NATIONAL NEWS - Embattled power utility Eskom has reached a point of no return in the construction of its two new build projects, which have to be completed in spite of time and cost overruns.
Questions have been raised by the public and within Eskom’s board on whether Medupi and Kusile should be completed as construction runs significantly over budget and over schedule.

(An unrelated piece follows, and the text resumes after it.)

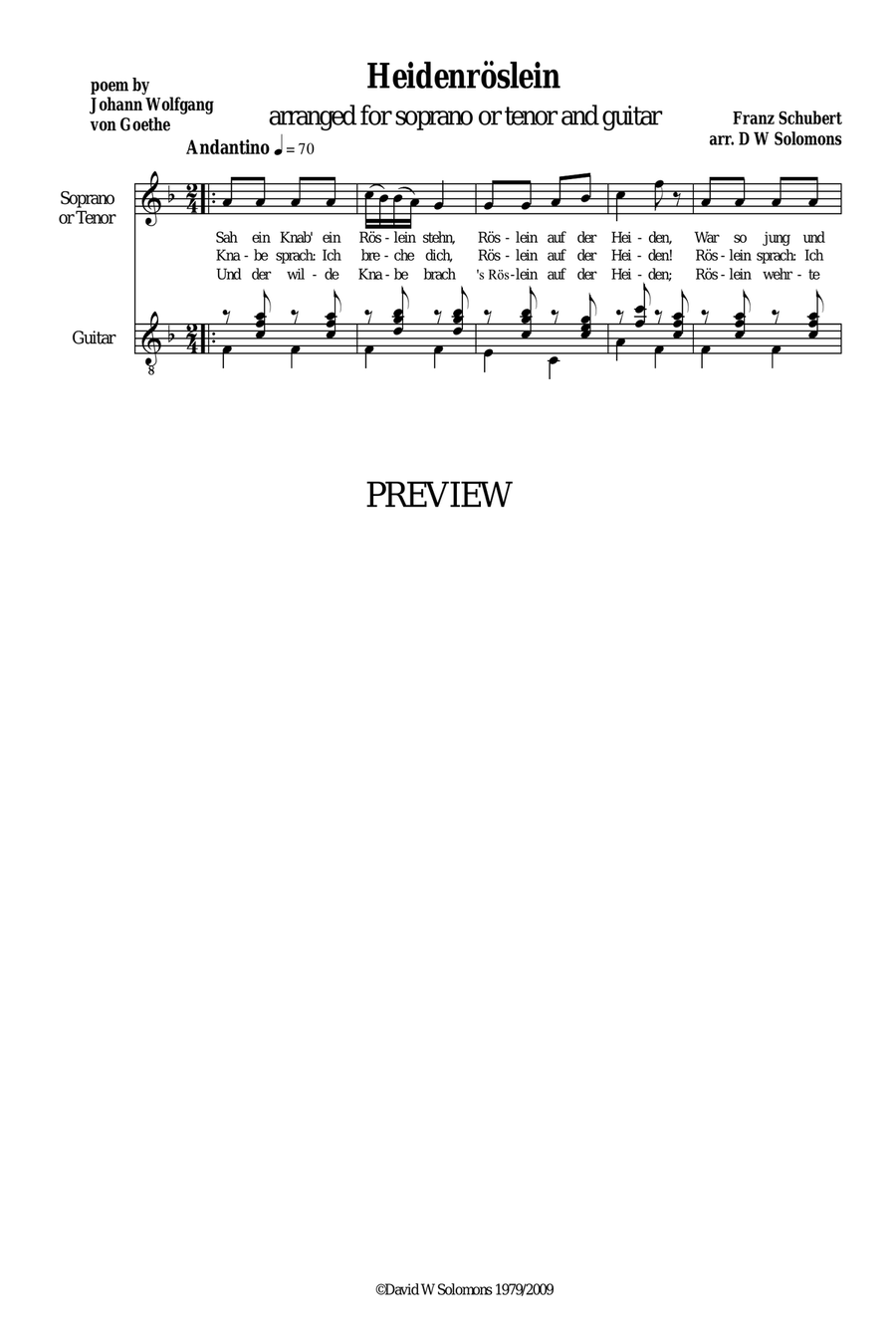 Heidenröslein high voice and guitar Acoustic Guitar scores gallery preview page 1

To add insult to injury, the power plants have been racked by design and technical faults and are under performing.
The new build projects, whose construction began about 12 years ago, were meant to plug the gap in electricity supply as Eskom pulls off the old and ageing power plants, which experience frequent breakdowns, for much-needed maintenance.
“Medupi is almost 94% [complete] and Kusile is sitting at about 89%; there is no going back, we just have to correct what we have” said Eskom chief executive Phakamani Hadebe on Wednesday.
Hadebe said the utility had spent over R260 billion on the power plants and out of a total of 12 units, only three have been commercialised at Medupi while Kusile has only one commercialised unit.
“Our challenge is that at best, they perform at about 50% or so,” said Hadebe.
Board chairperson Jabu Mabuza said Eskom had conducted a cost-benefit analysis of halting construction and found that it was more beneficial to “spend more time and money to mitigate the risks of completion than to abandon completion”.
Mabuza said that even if the utility were to stop construction on the plants, it would still need to find additional capacity. He said Eskom would need to build something else, which would have its own costs and would take five years.
In the meantime, Eskom has to find a way to meet the nation’s demand for electricity with its unreliable, ageing fleet.
Eskom is not going to rid itself of an ageing fleet by building something new, Mabuza said. “The ageing fleet will continue to age, so we have to provide for this ageing fleet, which put us in the position we are in.”
A presentation by the technical review task team showed that some of the issues at Medupi and Kusile include boiler design faults that result in high temperatures, which the cooling water system cannot quell.
The dust handling plant is plagued by excessive leaks, a lack of spares, premature failure of parts and ash build up, which leads to unit trips.
Phindile Mookestsi, a member of the Technical Review Team (TRT) appointed to look into the operational issues at Eskom, said a comparative study was conducted, which put the two plants against their global counterparts and found that “Medupi and Kusile are not that bad”.
Ian Morrison, who is also a member of the TRT, added that people forget that all power stations coming into operation experience “teething problems”.
“We have to give the new build space to settle down and sort out some of the defects and optimise maintenance and operations; we should then have a world class asset,” said Morrison.
Within the next two months Eskom will commercialise two additional units at Medupi and Kusile, which Hadebe says are the best-performing out of all the units at the new build power plants.